> **Data segment**
........

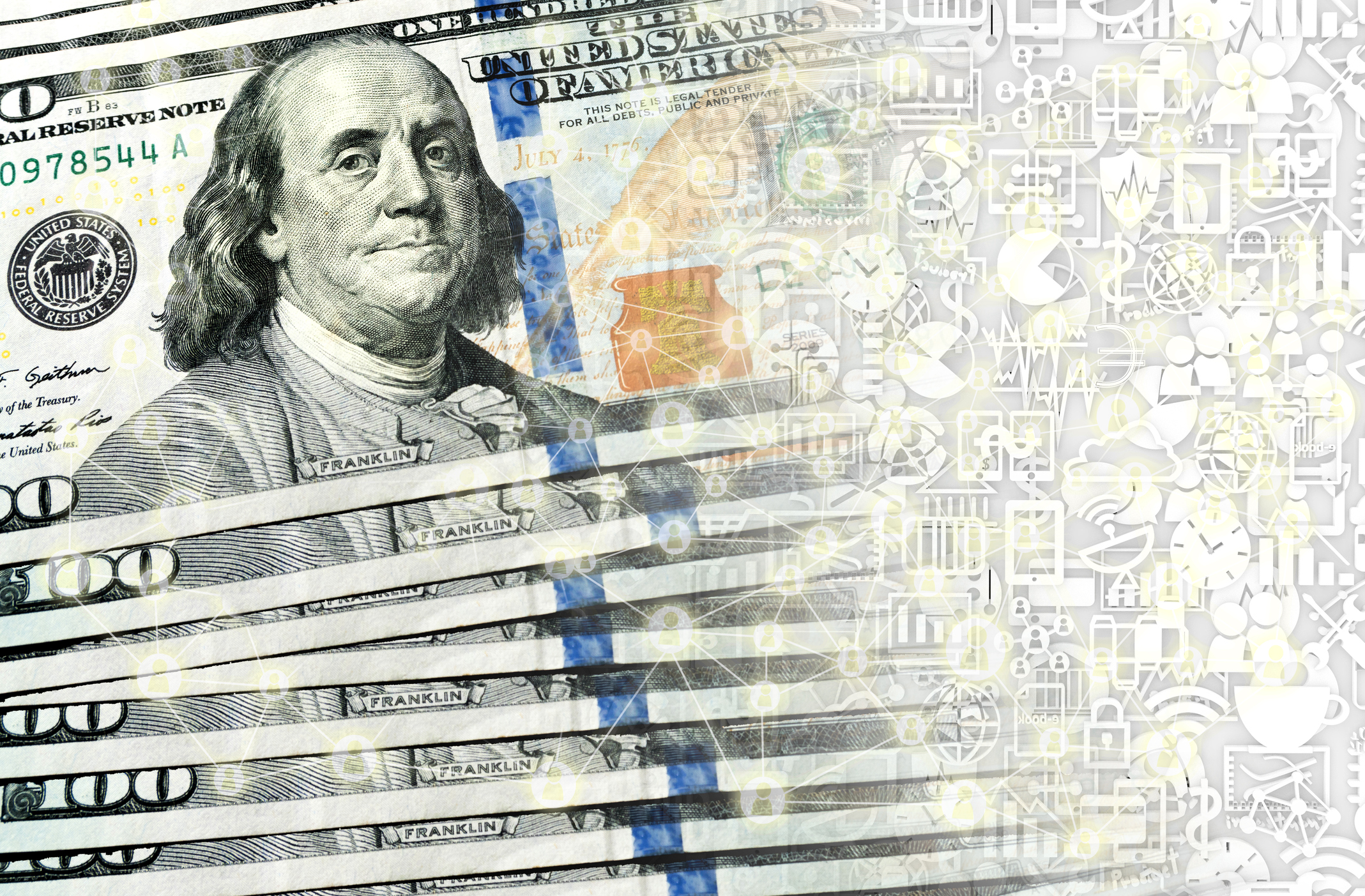 A neatly staggered stack of one hundred dollar bills transforming into digital currency on blockchain.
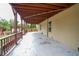 Expansive back porch with a wooden ceiling, offering ample space for outdoor entertainment and relaxation at 3770 Falling Leaf Ln, Cumming, GA 30041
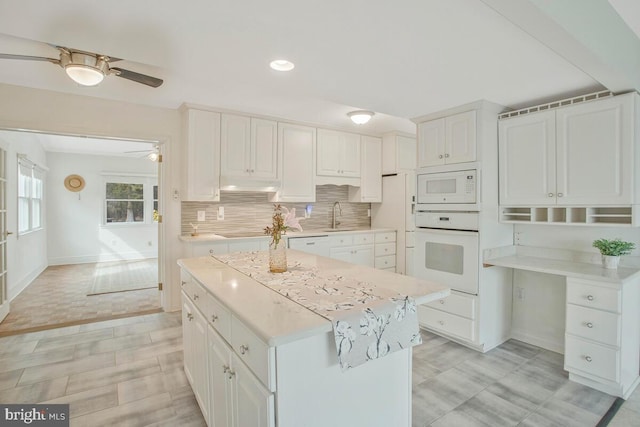 kitchen with under cabinet range hood, white appliances, a sink, light countertops, and decorative backsplash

........

> **Exercise**
Copy out the full material exactly. Pictures should not appear in it.

> **Finished task**
 A neatly staggered stack of one hundred dollar bills transforming into digital currency on blockchain.
 Expansive back porch with a wooden ceiling, offering ample space for outdoor entertainment and relaxation at 3770 Falling Leaf Ln, Cumming, GA 30041
 kitchen with under cabinet range hood, white appliances, a sink, light countertops, and decorative backsplash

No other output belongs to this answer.